Hurricane Irma is hurtling toward the eastern US faster than meteorological models anticipated. According to the latest readings from NOAA, the storm will probably make landfall in Southeastern Florida next weekend, or perhaps earlier – that is, unless wind patterns intervene and spare residents of Miami, Ft. Lauderdale and West Palm Beach from flooding and winds witnessed in Texas and Louisiana, according to NOAA forecasts.
…Bloomberg chief energy correspondent Javier Blas noted that the Hurricane has “shifted a lot further west,” and that, according to the latest forecasts, there’s still a small chance that Irma strikes the Gulf of Mexico, compounding the devastation that Harvey left behind.
Here's what we know about Irma (courtesy of the Weather.com & NOAA):
- The center of Irma is located 610 miles east of the Leeward Islands and is moving west-southwestward at about 14 mph.
- Irma is a Category 3 hurricane and satellite imagery shows that it has become better organized in the past day with an eye now clearly evident.
- Low wind shear, increased mid-level moisture and ample oceanic heat content favor that Irma will remain a major hurricane (Category 3 or stronger) for the next several days, though some intensity fluctuations are likely.
- One potential inhibitor of Irma maintaining its intensity would be if the hurricane's core interacts with land as it cruises westward near the Greater Antilles later this week.
And Weather.com’s latest impact projections:
- Leeward Islands: Late Tuesday-Wednesday
- Puerto Rico/Virgin Islands: Wednesday-Thursday
- Dominican Republic/Haiti: Thursday-Friday
- Turks and Caicos: Thursday-Friday
- Bahamas: Friday-next weekend
- Cuba: Friday-next weekend
- United States: Next weekend into early the following week
NOAA satellites captured this stunning video of the sun rising over the hurricane on Monday:
Hurricane watches have been issued for the Leeward Islands, including Antigua, Barbuda, Anguilla, Montserrat, St. Kitts, Nevis, Saba, St. Eustatius, Sint Maarten, St. Martin and St. Barthelemy. According to Weather.com’s latest long-term forecast, by next weekend, Irma will be immediately southeast of the US.
At that point, jet stream dynamics will begin to turn it north. What happens after that will be critical in determining where – or whether – Irma lands in the US. Meanwhile, residents of southeast Florida – having spent the last week reading about the flooding in Houston – are understandably starting to panic.
WPTV in West Palm Beach reports that Shelves of water at several stores were nearly empty Sunday, even as Irma’s path remains uncertain. Hardware stores are also running out of tanks of gas and other supplies.
One distressed shopper told WPTV that one Walmart had run out of bottled water.
“There was nothing at Walmart," said Bianca Rodriguez of Palm Beach Gardens. "Not even like one thing of water.”

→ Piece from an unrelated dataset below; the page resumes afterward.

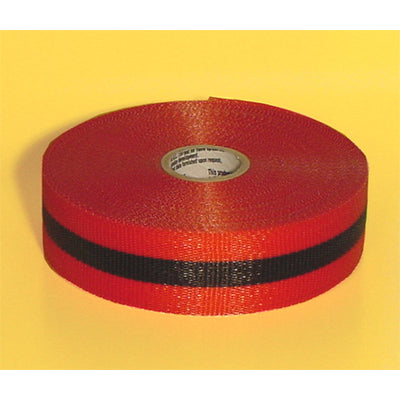 WOVEN PLASTIC BARRIER TAPE - 2 INCH - WOVEN PLASTIC BARRIER TAPE - 2 INCH, 2’’X200’, Woven Plastic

According to WPTV, emergency officials recommend people have one gallon of water per person, per day for at least five days in the event of a hurricane. Florida Gov. Rick Scott warned that “disaster preparedness” should be a priority for every family in the potential path of the storm.
One shopper said he bought the last remaining cases of bottled water at the Winn-Dixie in Palm Beach Gardens.
“Rodriguez found cases of bottled water at a Winn-Dixie on Military Trail in Palm Beach Gardens Sunday night.
‘I lucked out. There’s only a couple left, but at least there was enough for me,’ said Rodriguez.”
A Home Depot in Royal Palm Beach on Monday morning posted a sign that said they were short of some hurricane supplies.